Segment Start: Data section
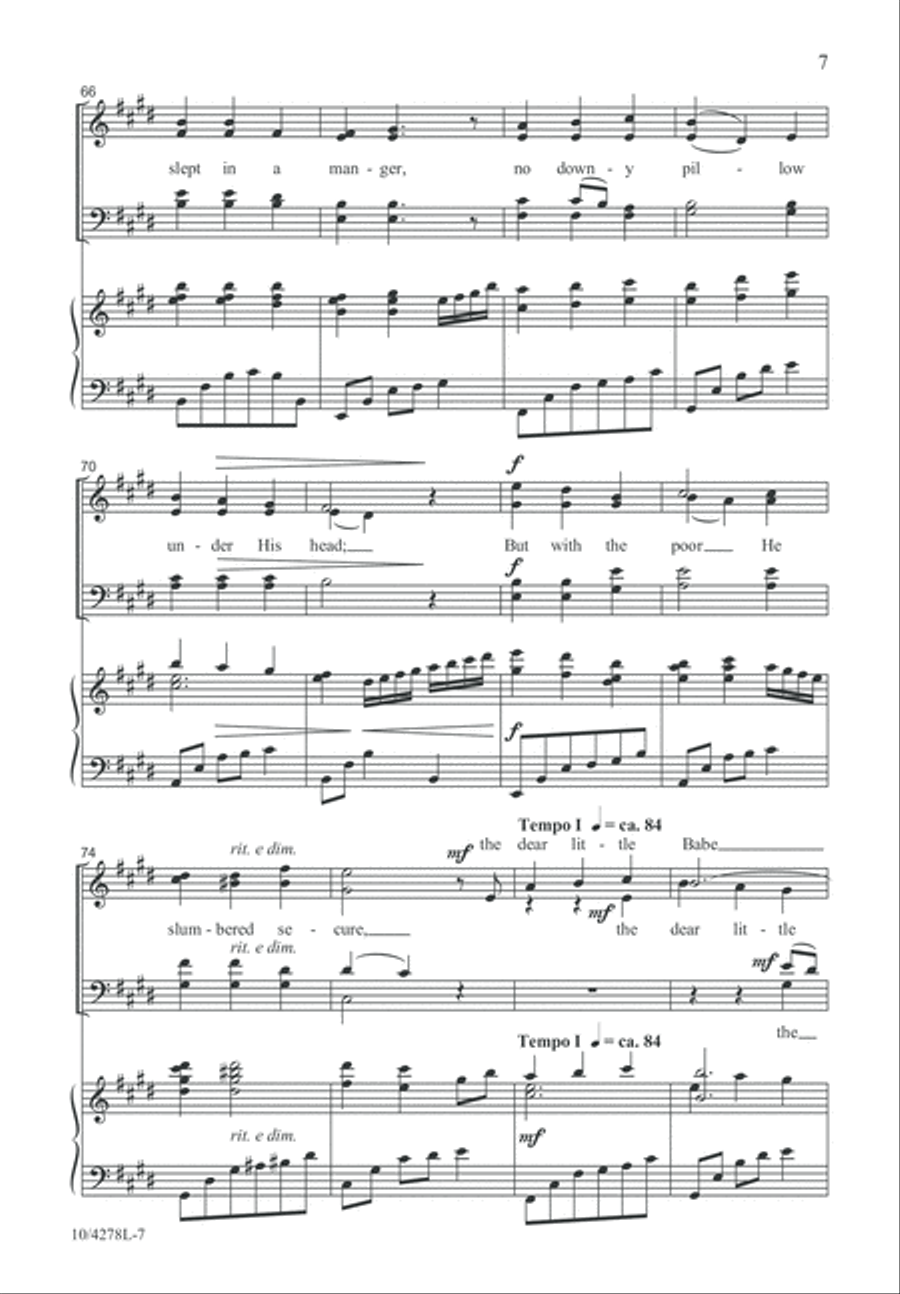 Dear Little Stranger Dear Little Stranger 4-Part scores gallery preview page 7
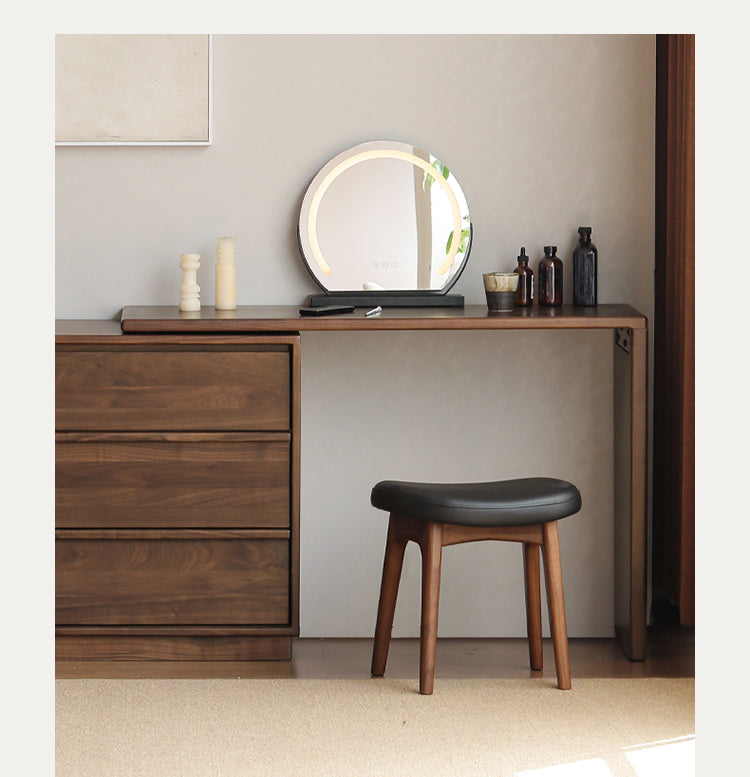 Black Walnut Solid Wood Light Luxury Dressing Table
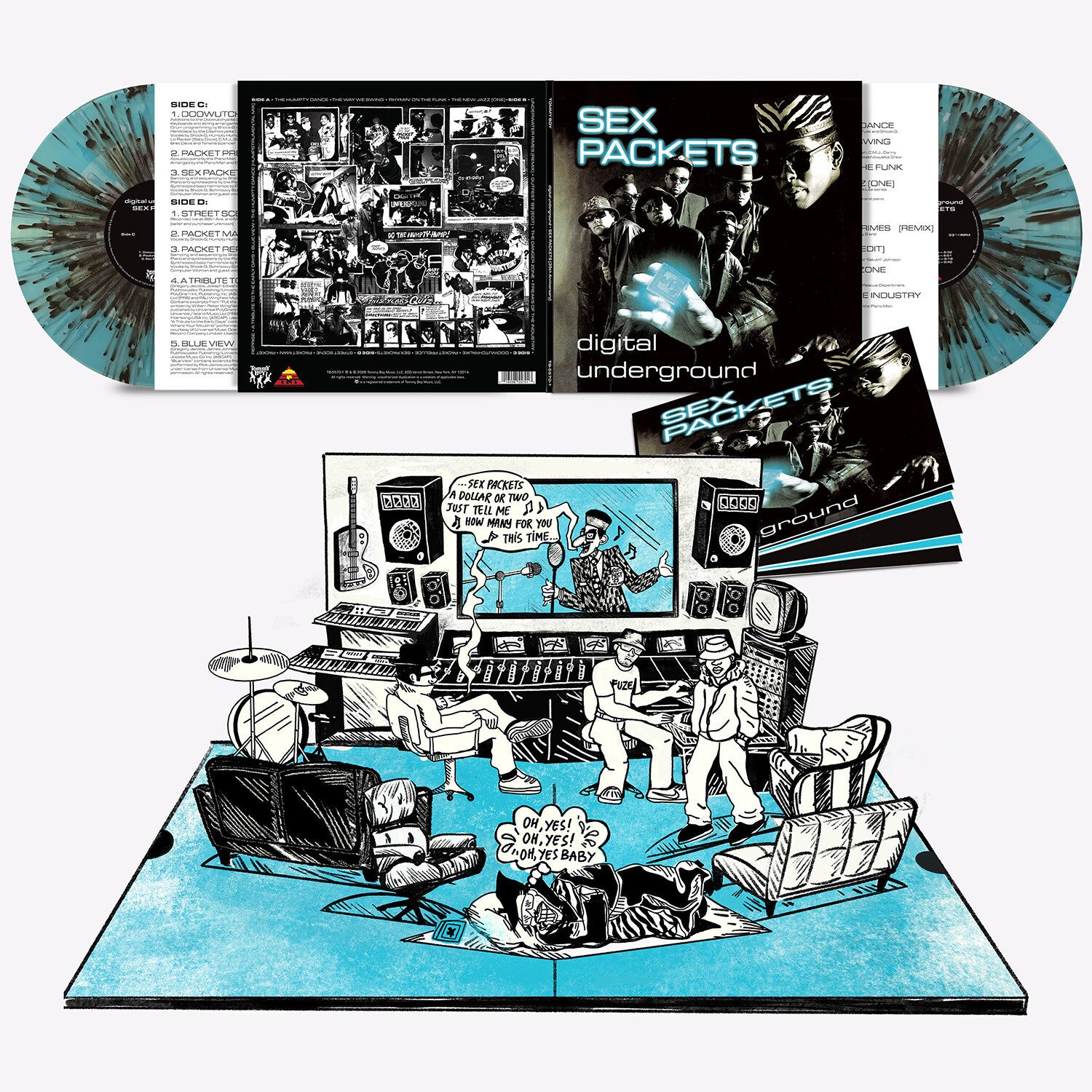 Digital Underground - Sex Packets - Pop-Up Version 2xLP (Blue Vinyl)
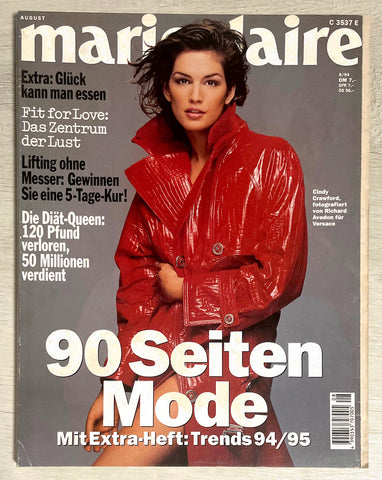 MARIE CLAIRE Magazine Germany August 1994 CINDY CRAWFORD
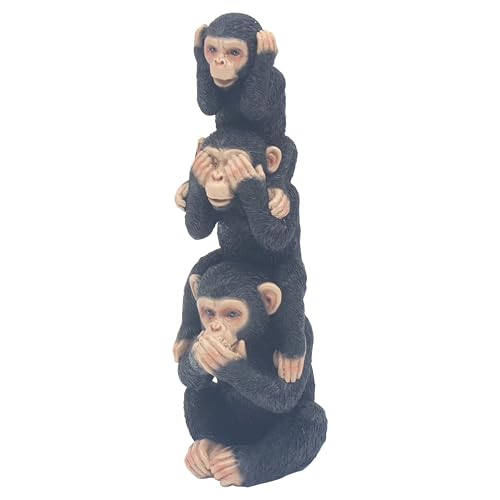 Lesser & Pavey Cheeky Monkeys 3 Wise Home Decor Figurine - Trio Character Design, Playful Theme, Tabletop Accent, Collectible Style, Ideal for Home Decor, Gift Ready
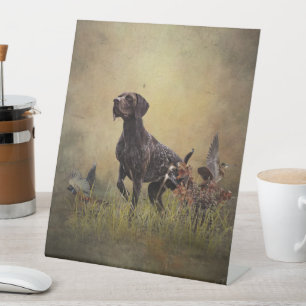 German Shorthaired Pointer   Wooden Box Sign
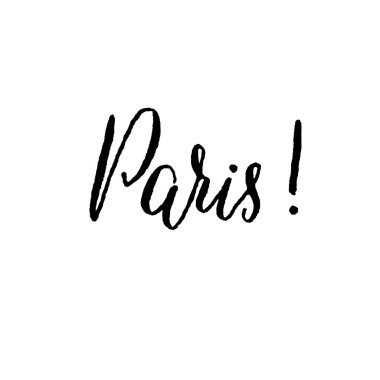 Paris, el yazı vektör. Modern hat kalem ve mürekkep.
Segment End: Data section
> Task requirements: Repeat word for word the lines from the one holding "Black Walnut Solid" through the last line of the listing above, including both ends. Drop the pictures.

> Response to this exercise:
 Black Walnut Solid Wood Light Luxury Dressing Table
 Digital Underground - Sex Packets - Pop-Up Version 2xLP (Blue Vinyl)
 MARIE CLAIRE Magazine Germany August 1994 CINDY CRAWFORD
 Lesser & Pavey Cheeky Monkeys 3 Wise Home Decor Figurine - Trio Character Design, Playful Theme, Tabletop Accent, Collectible Style, Ideal for Home Decor, Gift Ready
 German Shorthaired Pointer   Wooden Box Sign
 Paris, el yazı vektör. Modern hat kalem ve mürekkep.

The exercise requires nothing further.